The artwork isn’t mine. It’s one of the first page links on an image search of “dog’s breakfast.” Tineye turned up too many versions to attribute it properly.

Anyhoo — bit of a random link roundup for week’s end. I don’t remember where any of this came from; it’s just some tabs currently open on my browser.

You know that thing about how there are more people alive today than have ever lived? Nope. Not even close. Also, per the BBC’s handy calculator, I am the 3,029,753,026th living person born on this earth and the 76,672,989,525th ever to have lived.

I feel special.

In the Summer of 1896, railroad employee William George Crush decided to boost the fortunes of the sagging Missouri, Kansas & Texas Railway Company by staging a head-on collision between two of the company’s obsolete trains. For spectators. Like a monster truck rally. It didn’t work out so great, but then it didn’t work out as badly as it could have, either. Also, Scott Joplin wrote a song for the occasion.

No, it is not called sunday-SUNDAY-SUNDAY!

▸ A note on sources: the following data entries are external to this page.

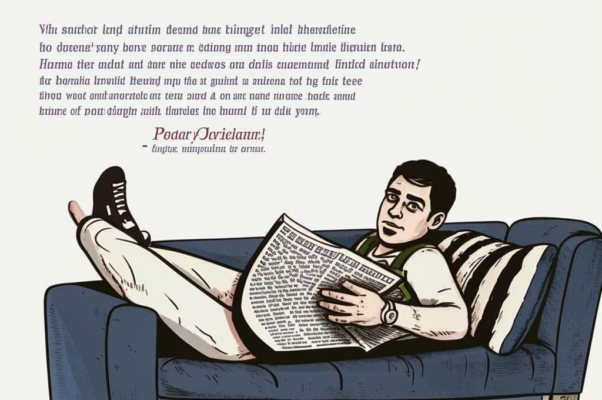 Размышления о Молчанове Иване и о поэзии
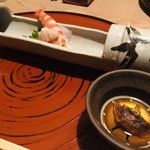 恵比寿 くろいわ - 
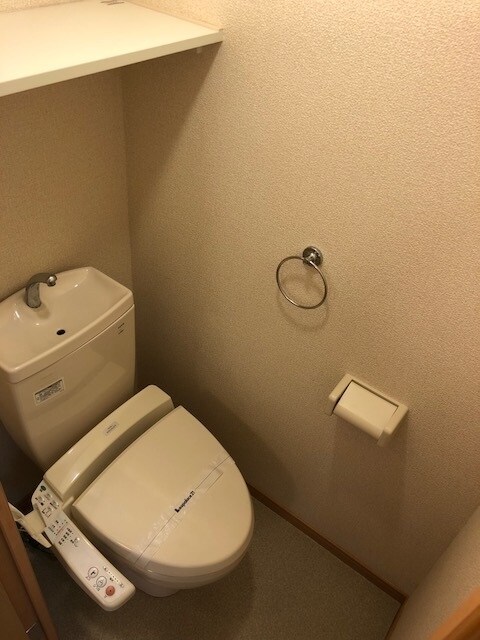 レオネクストベッサーレーベン 42032の物件内観写真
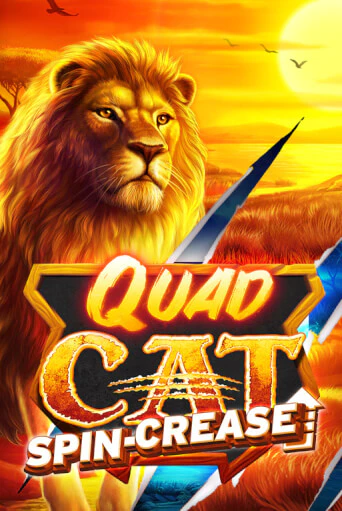 Бесплатная версия игры Quad Cat | Champion Slots 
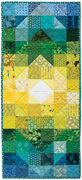 Tantalizing Table Toppers - Quilt Pattern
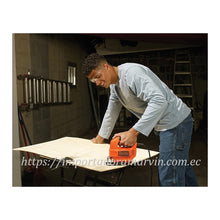 Cargar imagen en el visor de la galería, Sierra Caladora Black and Decker 420W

Speaking of train wrecks, Dr Seuss tried his hand at an adult book. Seldom in the field of artistic endeavor has nudity been less salacious.

And speaking of art, this guy put an ant colony in his scanner and scanned it once a week for five years. I’m a sucker for time lapse.

Oh! Reader Can’t hark my cry alerted me to this one: Lizzie Borden’s lawyer’s diary has been donated to the Fall River Historical Society. Sounds interesting if not completely revelatory. They’ll put it online eventually.

Finally, in a related matter, murdrum was a fine levied on the local Saxon population when a Norman was murdered by persons unknown. The distinction was between murder, which is done in secret, and homicide, which I guess you did in front of your mom and everybody. Do you know, there’s still more than a touch of the Saxon/Norman divide in England? The invader didn’t interbreed with the invaded much.

There, that should keep the bastards busy for a while. Good weekend, folks!